Probability of an event indicator, black and white balls I hope this is the right place to ask a probability related question. In any case, this is the question i'm stumped with:
There are $n$ white balls and $m$ black balls in a box. Someone randomly takes out a ball one after the other without returning. Let $X_1$ be the number of white balls which were taken out before the first black ball was taken out. I need to find $E[X_1]$.
I figured out its a sum of $m$ indicator random variables, and then with the linear property of the expected value its possible to get the answer. Thing is, I cannot figure out the probability of every indicator. Every indicator counts whether a white ball has been taken out given that no black ball was taken out, but shouldn't another condition be the number of white balls which were taken out? For example if $X_1 = \sum Y_i $ then shouldn't $P( Y_{20} = 1 ) > P( Y_{40} = 1 )$ because there are less white balls to pick from? 
I have been told that this can definitely be solved with indicators, but I just don't see how, any help will be greatly appreciated.
 A: @Xsy
There is a distribution that is designed for these type problems it is called the Negative Hypergeometric distribution.

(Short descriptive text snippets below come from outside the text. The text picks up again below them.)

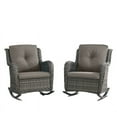thumbnail image 2 of PARKWELL Outdoor Wicker Rocking Chair - Rattan Patio Rocker Chairs with Cushions and Steel Frame - Set of 2 - Gray, 2 of 10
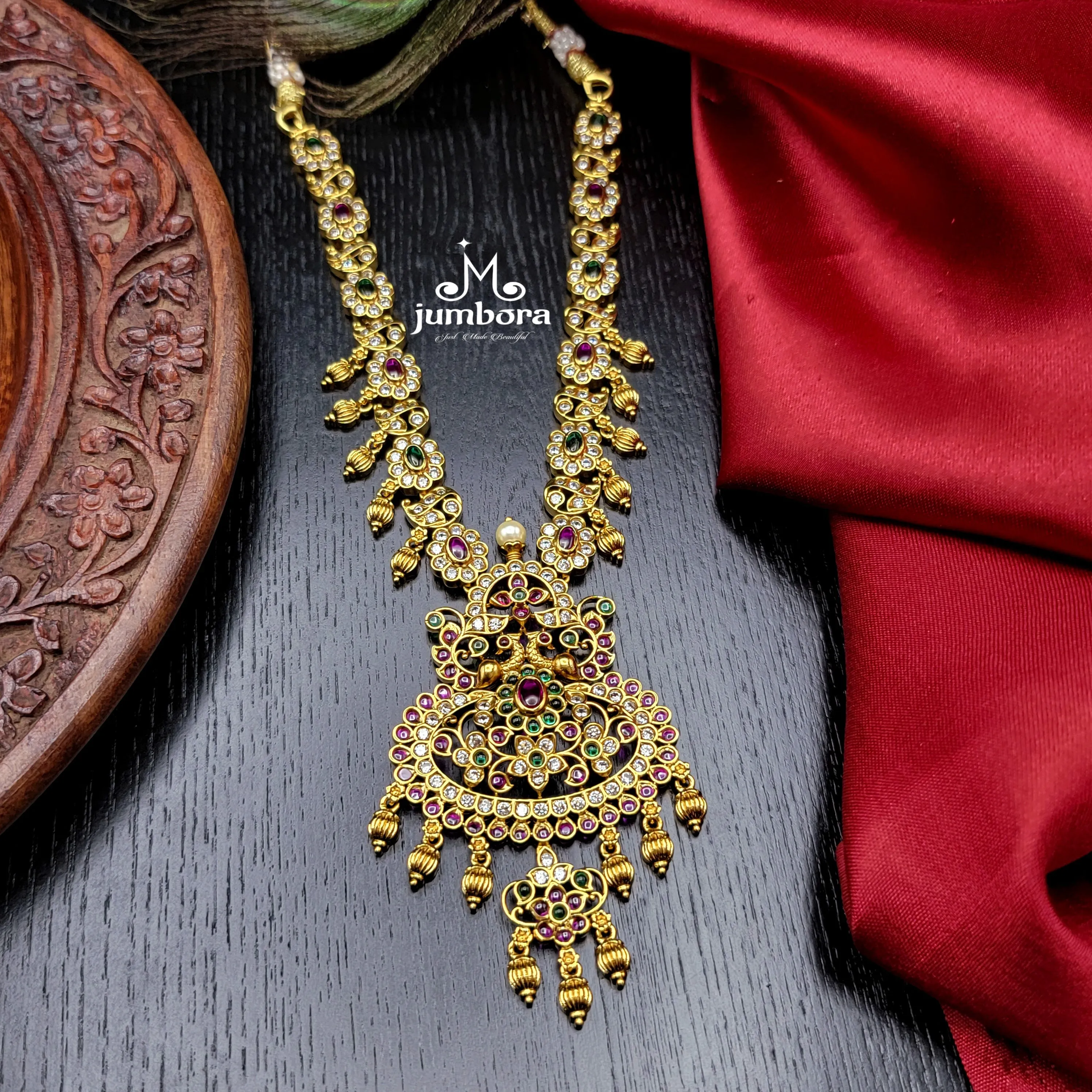 Peacock Antique Gold Red & Green Real Kemp Necklace set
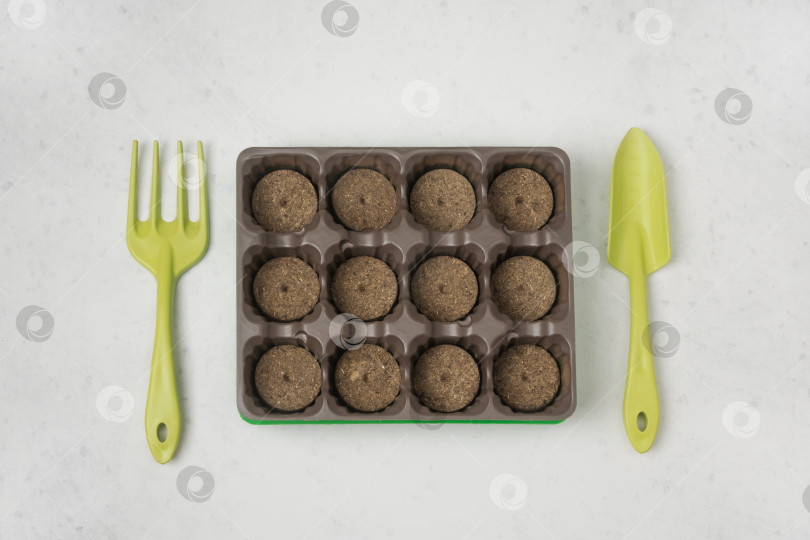 Скачать Небольшая теплица с торфяными гранулами для посадки семян и садовыми инструментами на сером фоне. Плоская планировка. фотосток Ozero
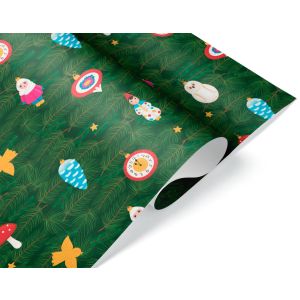 Упаковочная бумага 80гр (0,7*1 м) Еловые ветки, 10 шт.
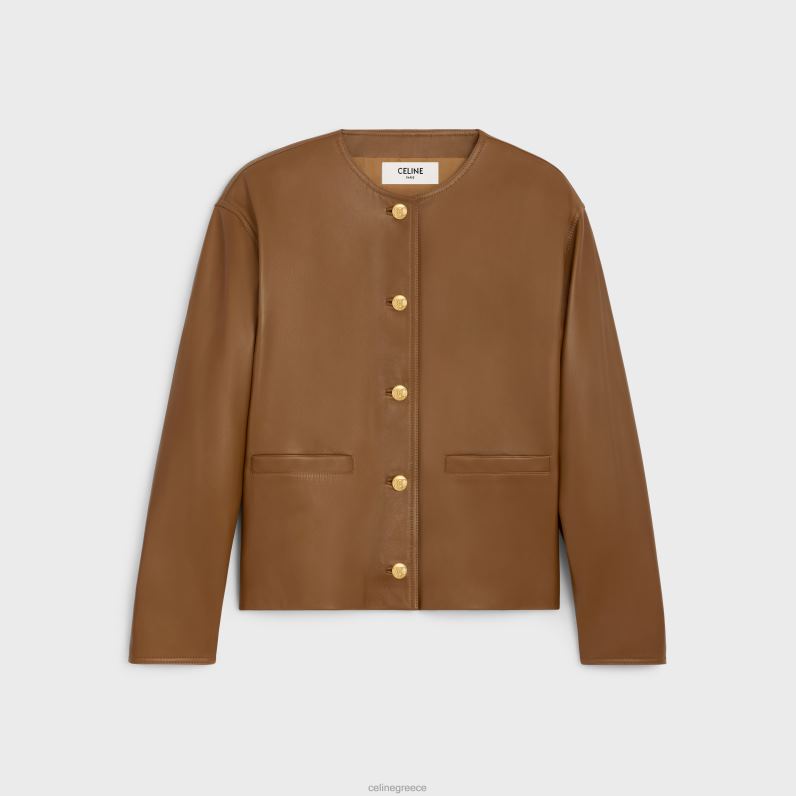 σακάκι με καθαρό γιακά σε απαλό δέρμα αρνιού γυναίκες CELINE 640PT624 ενδύματα μπεζ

So solving the problem just means knowing a formula and plugging in.
$$E(X_1)=(number of black you want)\frac{total-numberofblack}{numberofblack+1}+(number of black you want)$$
$$E(X_1)=1 \cdot \frac{n+m-m}{m+1}+1$$
$$E(X_1)=\frac{n+m+1}{m+1}$$
which agrees with gar's answer.
Here
A: Here's one solution that uses recurrence:
Let $f_a$ be the expected no. of white balls taken out before a black ball when there are $a$ white balls and $b$ black balls, which can be written as:
\begin{align*}
  f_a &= \frac{a}{a+b}\, f_{a-1} +1 \\
  f_0 &= 1
\end{align*}
Solving the recurrence for $a=n$ and $b=m$ gives
\begin{align*}
  \mathbb{E}\left[X_1\right] &= \frac{m+n+1}{m+1}
\end{align*}
A: Personally, I would consider the sum of indicators $X_1 = \sum_{k=1}^\infty \mathbf{1}_{X_1 \geq k}$ since the probability $P(X_1 \geq k)$ is easily computed for each $k \geq 1$.
Indeed $P(X_1 \geq k)$ is the probability that the first $k$ balls are white, which is?